WHAT IS BEING ASKED: Print the line containing "Видеорегистратор с сигнатурным" and each line after it through the end of the material below, exactly as it appears, but skip the pictures.

TASK MATERIAL:
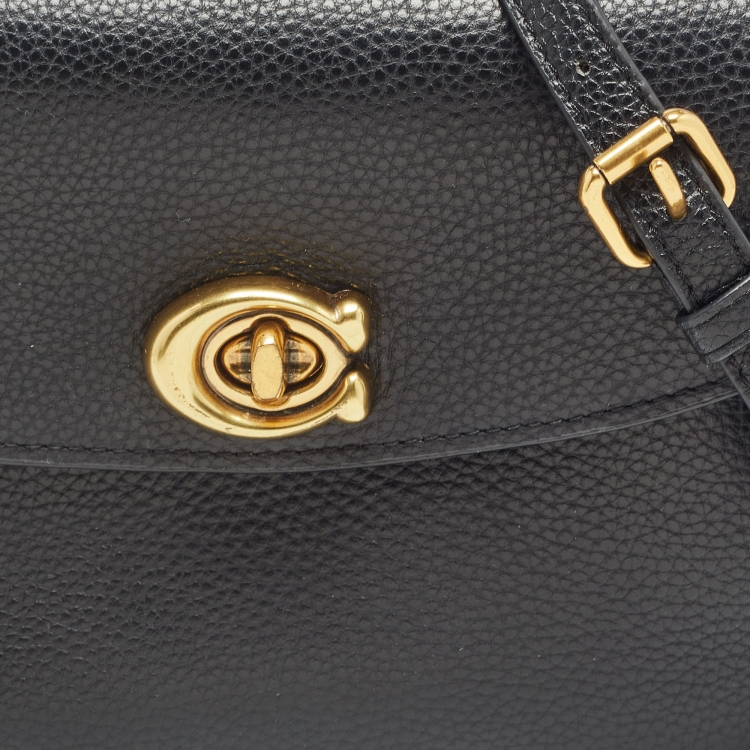 Pre Owned Coach Black Leather Cassie Top Handle Bag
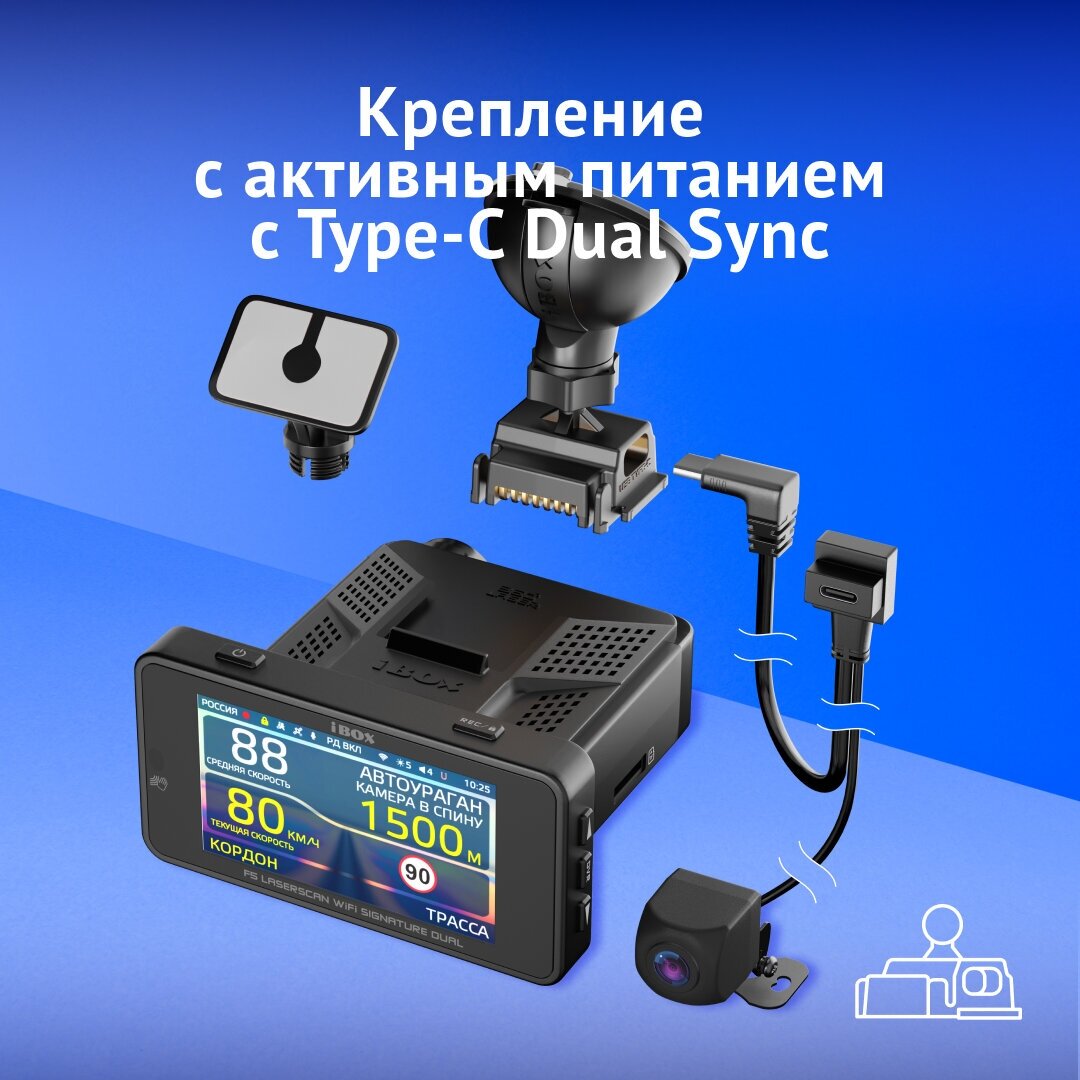 Видеорегистратор с сигнатурным радар-детектором iBOX F5 LaserScan WiFi Signature Dual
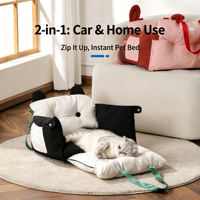 Coussin de siège auto universel pour chiens et chats, coussin de voyage confortable avec ceinture de sécurité pour siège avant de véhicule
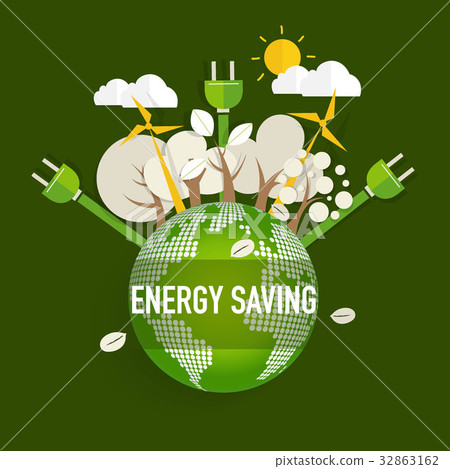 Energy saving concept with Green Eco Earth and Trees.. Vector illustration Energy saving concept with Green Eco Earth and Trees.. Vector illustration 32863162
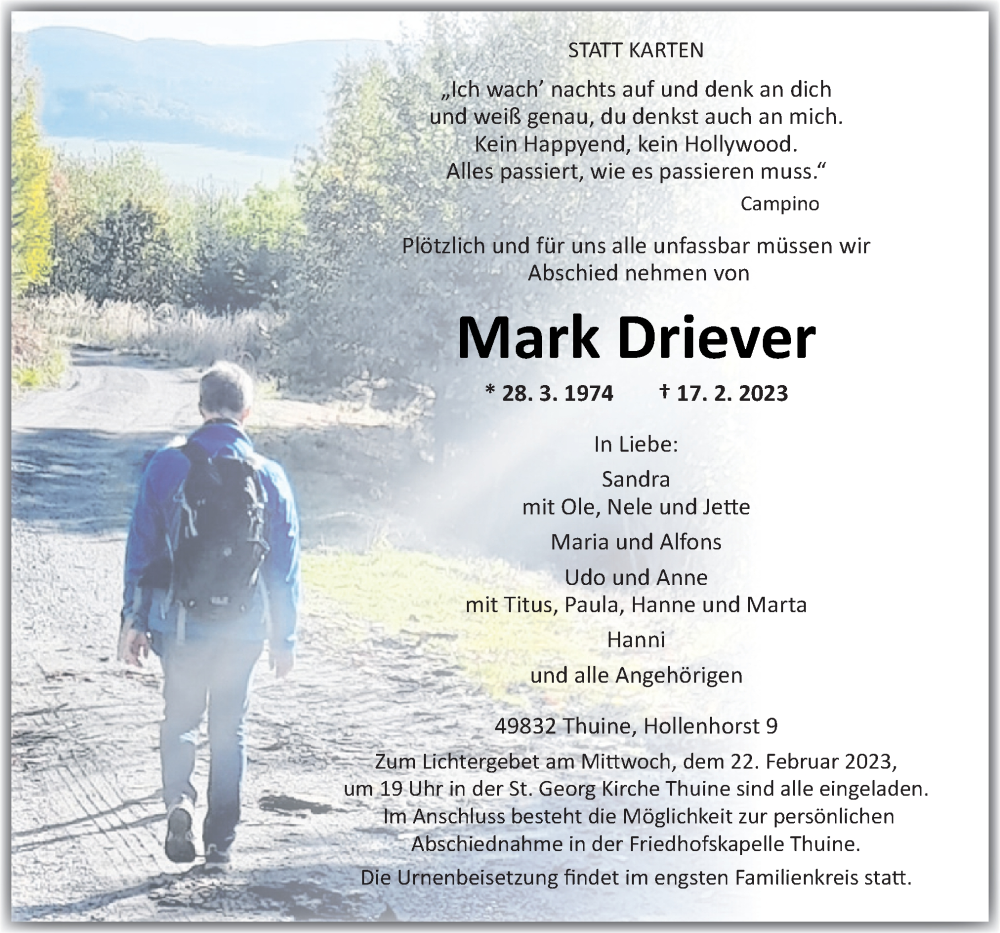  Traueranzeige für Mark Driever vom 20.02.2023 aus Neue Osnabrücker Zeitung GmbH & Co. KG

RESPONSE TO THIS EXERCISE:
 Видеорегистратор с сигнатурным радар-детектором iBOX F5 LaserScan WiFi Signature Dual
 Coussin de siège auto universel pour chiens et chats, coussin de voyage confortable avec ceinture de sécurité pour siège avant de véhicule
 Energy saving concept with Green Eco Earth and Trees.. Vector illustration Energy saving concept with Green Eco Earth and Trees.. Vector illustration 32863162
  Traueranzeige für Mark Driever vom 20.02.2023 aus Neue Osnabrücker Zeitung GmbH & Co. KG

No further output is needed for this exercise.